# [Data supplied]
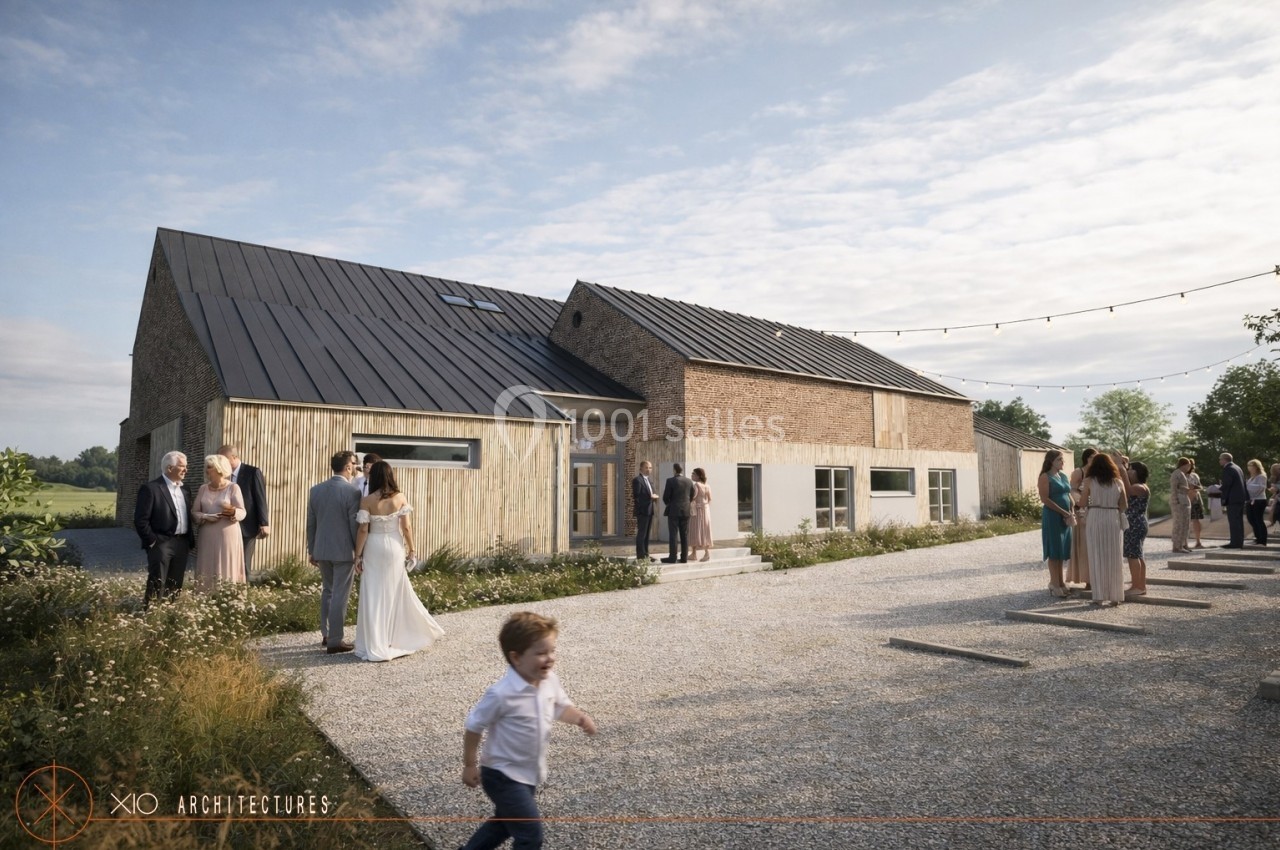 Un mariage en extérieur devant un bâtiment en briques et bois, avec invités discutant et un enfant courant au premier plan.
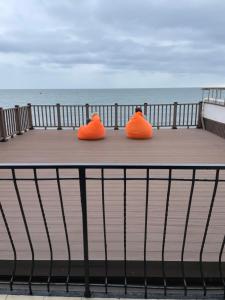 two orange chairs sitting on a boardwalk near the ocean at Elling Briz in Feodosia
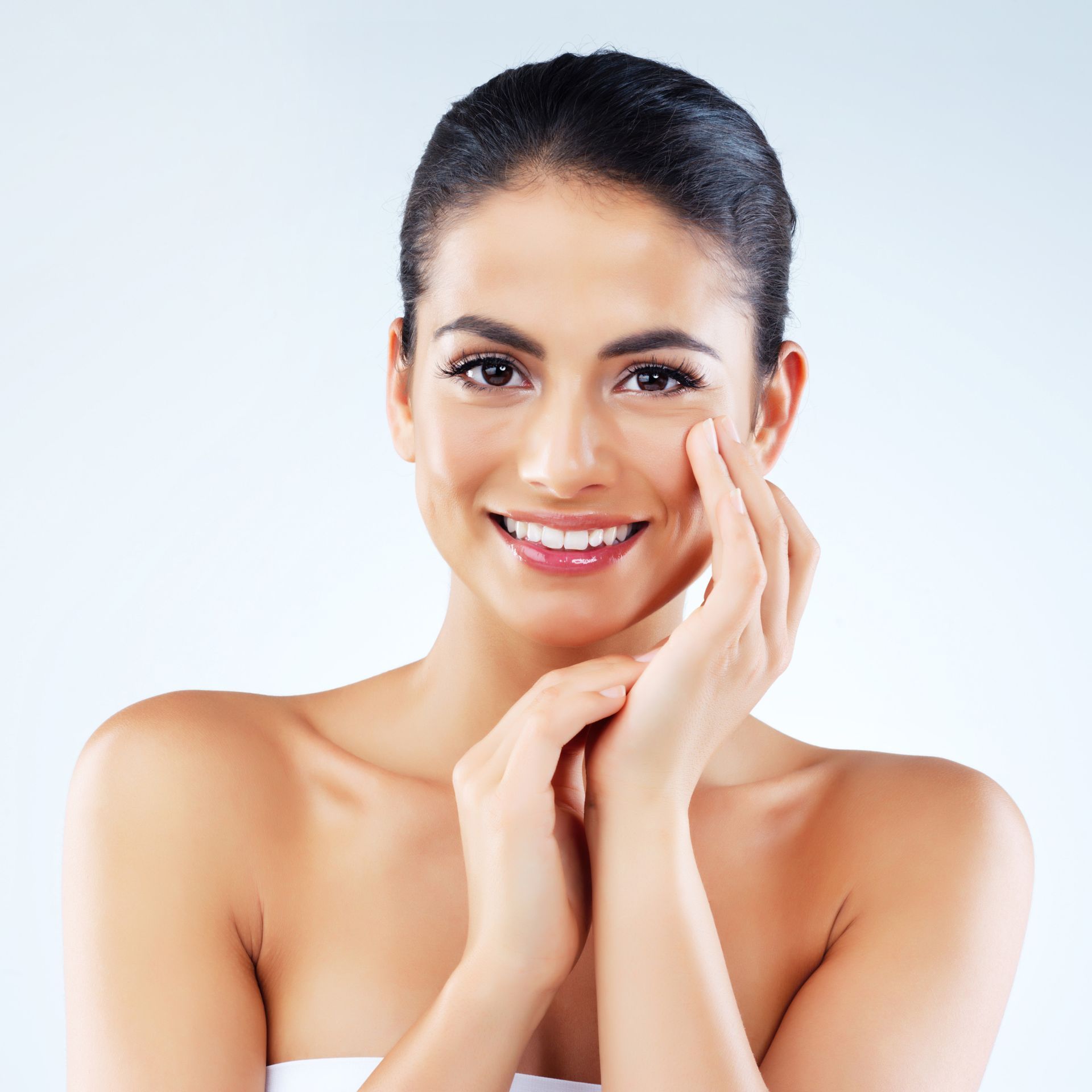 A woman is smiling and touching her face with her hands.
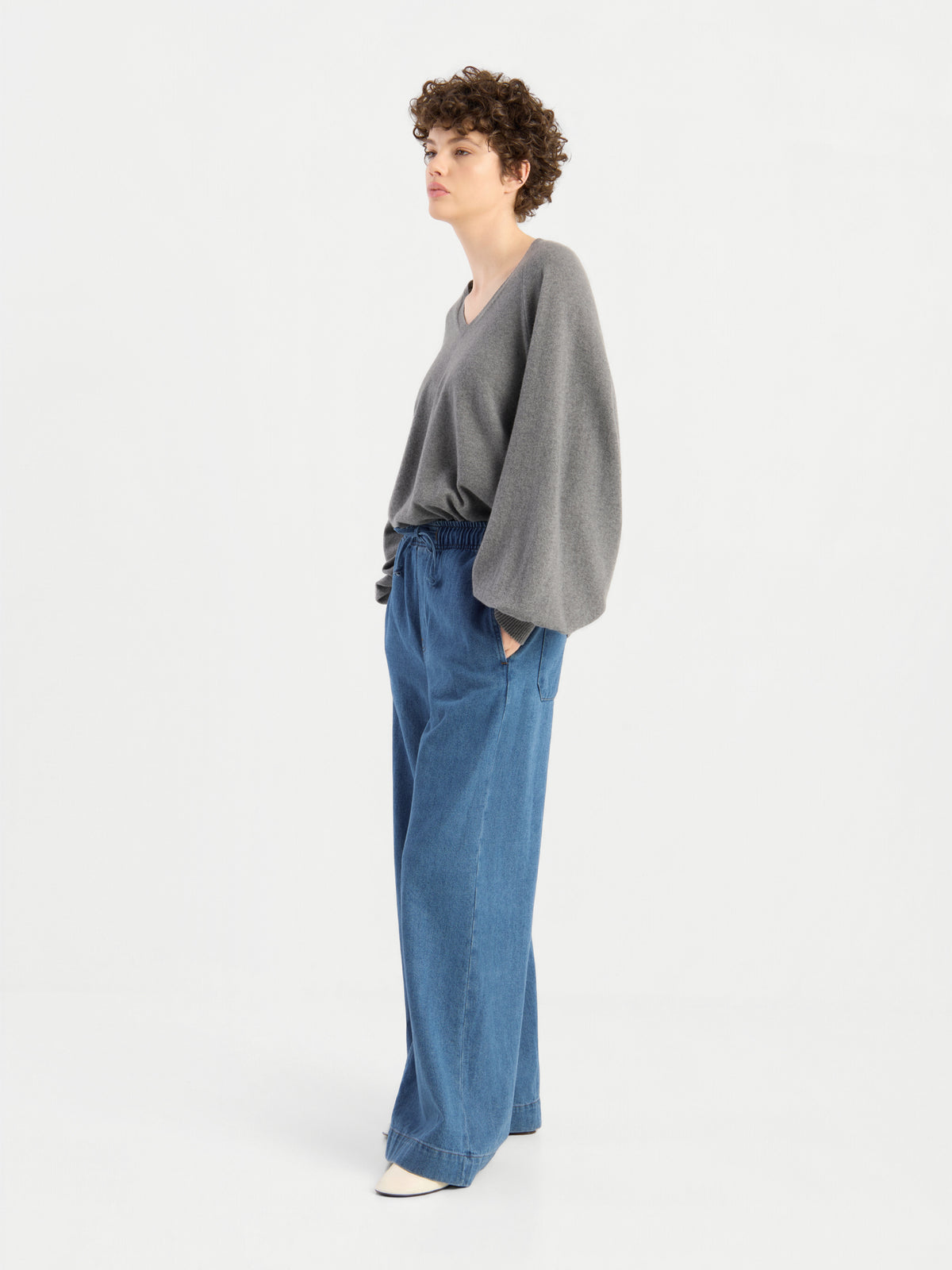 Ein weibliches Model mit kurzen Locken trägt den Pullover „Antonia“ mit V-Ausschnitt in Grau aus Merinowolle und eine blaue Jeans mit weitem Bein und Kordelzug und posiert vor einem weißen Hintergrund.
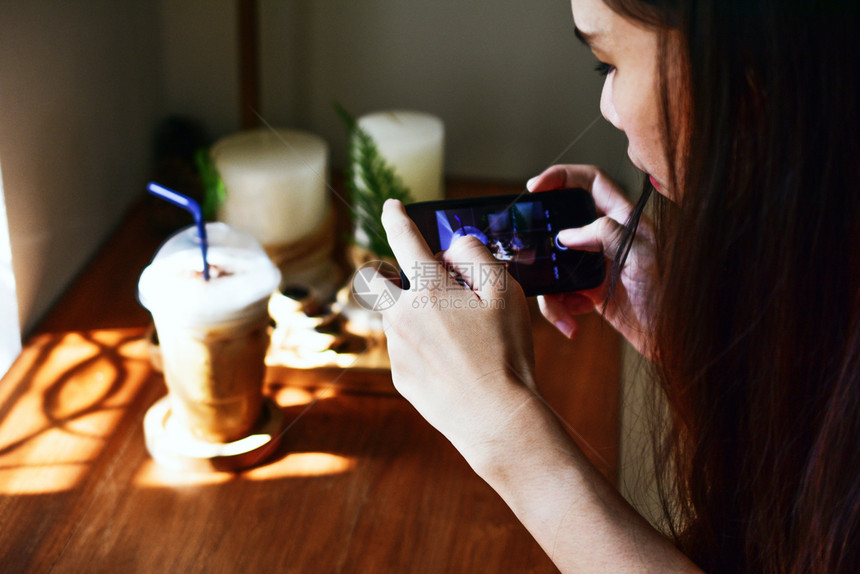 放松使用智能电话的人在木板上拍摄咖啡的照片潮人展示图片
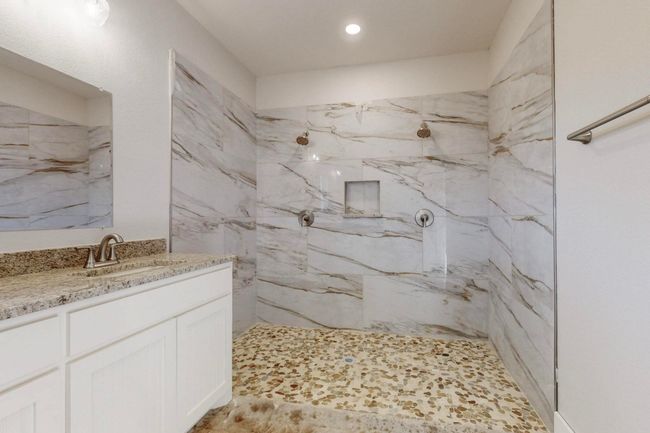 Bathroom featuring recessed lighting, vanity, and a marble finish shower | Image 28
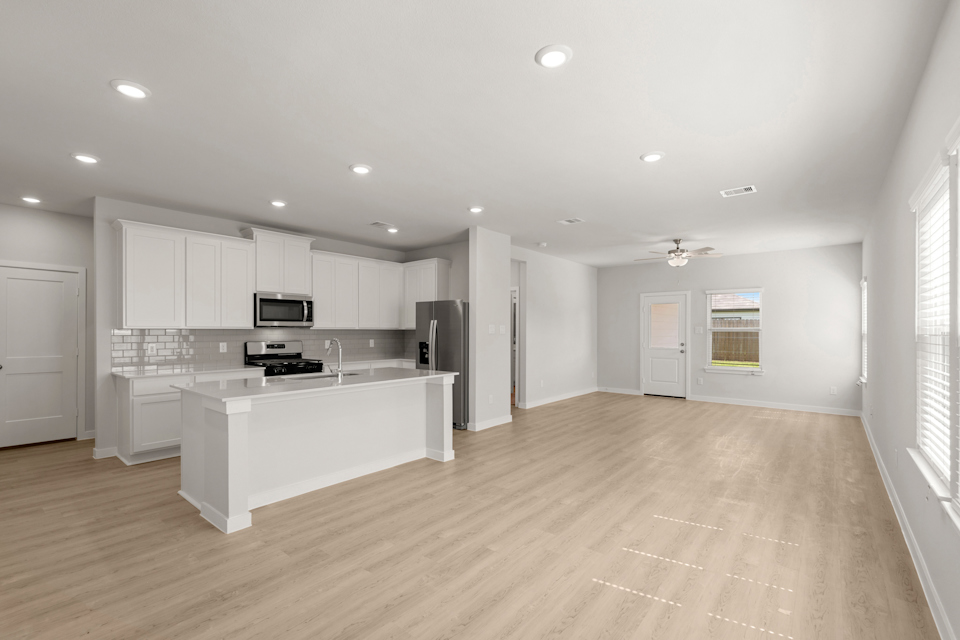 A large kitchen with white cabinets.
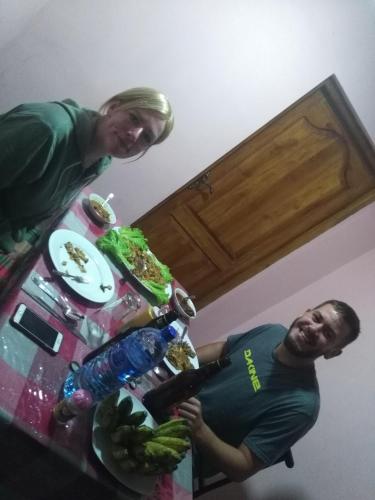 two people standing in a kitchen with a table with food at Viyanga Homestay in Ella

# [Task objective]
Would you retype the material exactly, omitting each picture?

# [Solved exercise]
 Un mariage en extérieur devant un bâtiment en briques et bois, avec invités discutant et un enfant courant au premier plan.
 two orange chairs sitting on a boardwalk near the ocean at Elling Briz in Feodosia
 A woman is smiling and touching her face with her hands.
 Ein weibliches Model mit kurzen Locken trägt den Pullover „Antonia“ mit V-Ausschnitt in Grau aus Merinowolle und eine blaue Jeans mit weitem Bein und Kordelzug und posiert vor einem weißen Hintergrund.
 放松使用智能电话的人在木板上拍摄咖啡的照片潮人展示图片
 Bathroom featuring recessed lighting, vanity, and a marble finish shower | Image 28
 A large kitchen with white cabinets.
 two people standing in a kitchen with a table with food at Viyanga Homestay in Ella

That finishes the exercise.